◆ **What the task asks**: Reproduce all the lines below exactly and omit the images.

◆ **Image-caption web data**:
:::
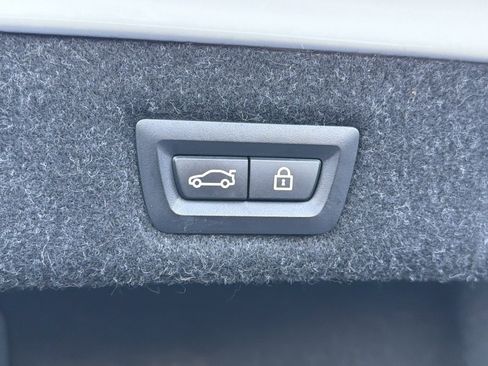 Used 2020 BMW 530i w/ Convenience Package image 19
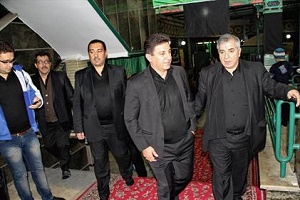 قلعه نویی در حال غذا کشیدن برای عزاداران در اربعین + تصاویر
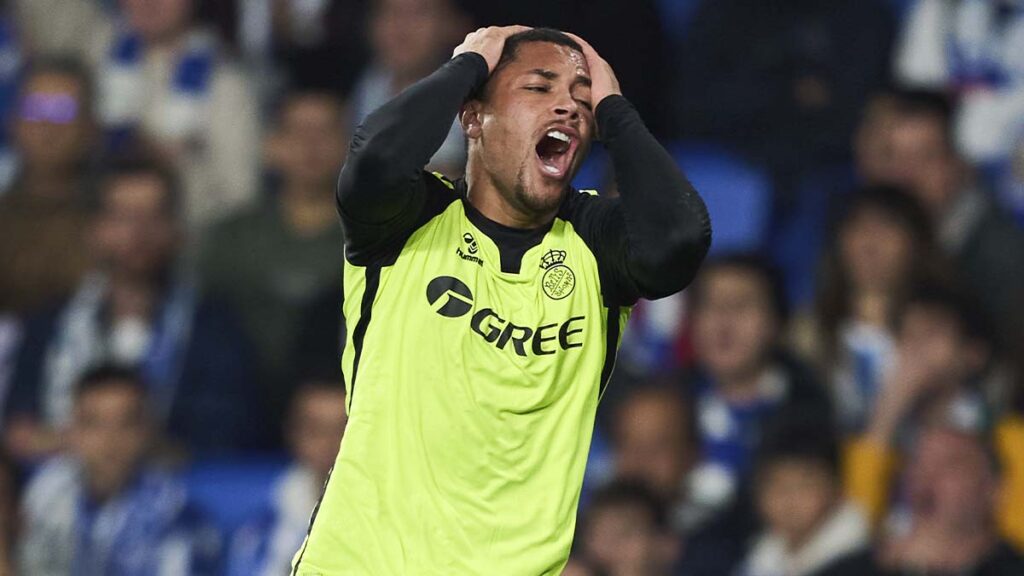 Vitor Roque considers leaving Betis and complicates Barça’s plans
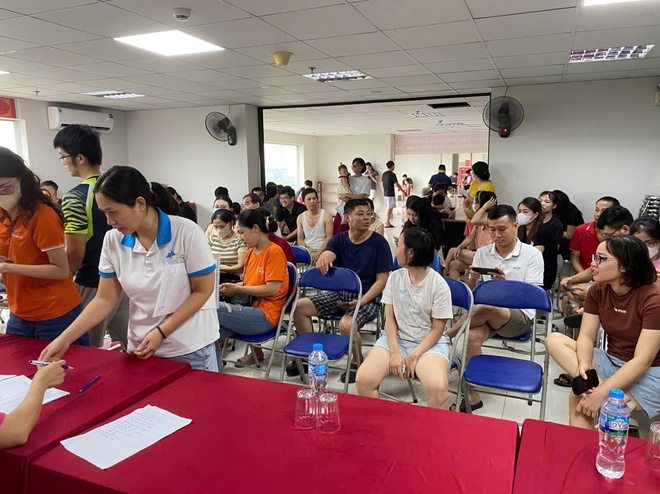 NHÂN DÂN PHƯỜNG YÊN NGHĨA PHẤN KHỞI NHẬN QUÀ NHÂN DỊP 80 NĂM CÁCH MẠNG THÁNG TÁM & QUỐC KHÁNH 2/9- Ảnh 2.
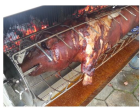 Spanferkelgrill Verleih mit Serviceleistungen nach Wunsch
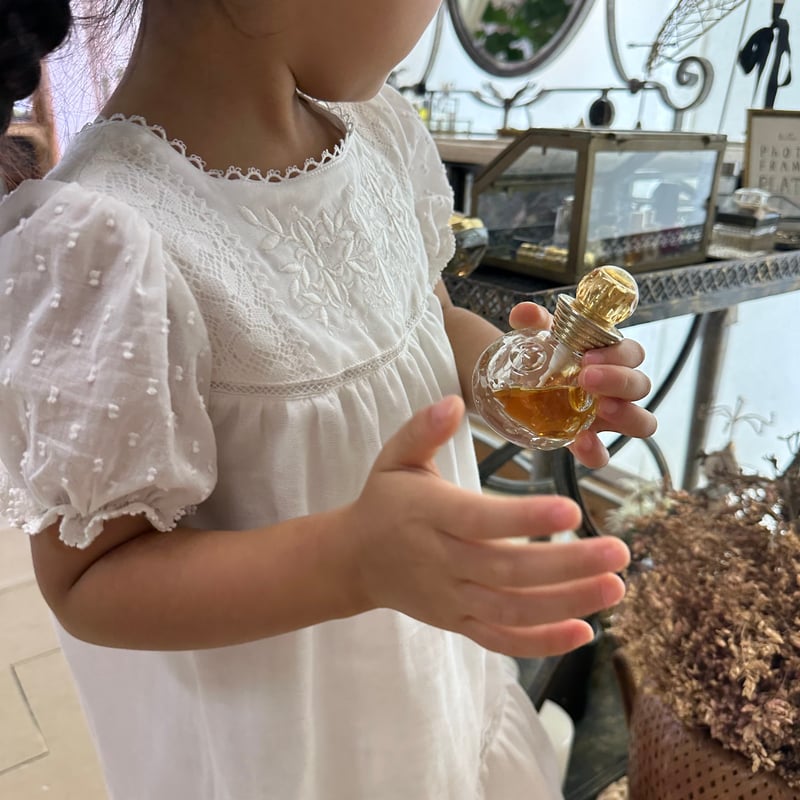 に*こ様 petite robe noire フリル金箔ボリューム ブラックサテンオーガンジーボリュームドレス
:::
◆ **Written response**:
 Used 2020 BMW 530i w/ Convenience Package image 19
 قلعه نویی در حال غذا کشیدن برای عزاداران در اربعین + تصاویر
 Vitor Roque considers leaving Betis and complicates Barça’s plans
 NHÂN DÂN PHƯỜNG YÊN NGHĨA PHẤN KHỞI NHẬN QUÀ NHÂN DỊP 80 NĂM CÁCH MẠNG THÁNG TÁM & QUỐC KHÁNH 2/9- Ảnh 2.
 Spanferkelgrill Verleih mit Serviceleistungen nach Wunsch
 に*こ様 petite robe noire フリル金箔ボリューム ブラックサテンオーガンジーボリュームドレス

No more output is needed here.